She too has participant observations:

My sense is that, more and more, people aren’t showing up in some generic self-congratulatory way, but with the understanding that we need one another, that we are reliant on each other, and that policies of cruelty and exclusion will only lead the country into a cul de sac of fascism.

This is an idea that protesters are helping to shape as they expand the movement. It’s a profound realization to know that millions of other humans have enough desire for a different world that they’ll make an effort on behalf of something better, even in the tiniest, reddest towns. ...

... The No Kings movement is a bottom-up force that is creating pressure for a different kind of politics locally and nationally. That process is bound to be messy and take time to sort out. But the protesters understand the assignment: the most important place they can be is right where they are. No Kings is binding together the core movements we’ve seen for a while on the streets of Chicago, Los Angeles, Minneapolis, and elsewhere.

We’re seeing a massive shift in favor of the abolition of ICE, deep support for trans folks, and fury over the Iran War. Though we see the effects of public pressure on actions like the recent DHS shutdown, Democratic politicians have, by and large, had a hard time keeping up, because the movement is still evolving and moving faster than institutions can respond....
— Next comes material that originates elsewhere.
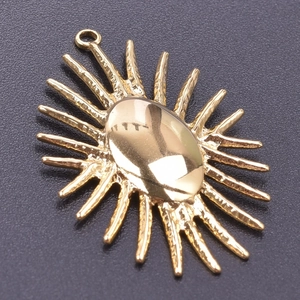 Close-up of 18k gold plated stainless steel sunburst pendant with polished oval center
... first-time protesters are practicing for the harder tests that may be coming. In the wake of the murders of Porter, Good, and Pretti, the risks are clearer now. They’re girding themselves to help because we know where authoritarianism goes and how far it will stoop to acquire more power, even after having seized so much. The greater the number who stand up now, the fewer the number who will have to pay with their lives later.

So many individuals have become atomized, isolated, and lonely. Protesting is an antidote for all that. And is also how to pull people into realizing they can play a role in building the future. No Kings is both performative and substantial. Showing up with a sign is in and of itself a powerful action to take in this moment, but it’s also a path to doing more.

She's caught on to something I agree is real.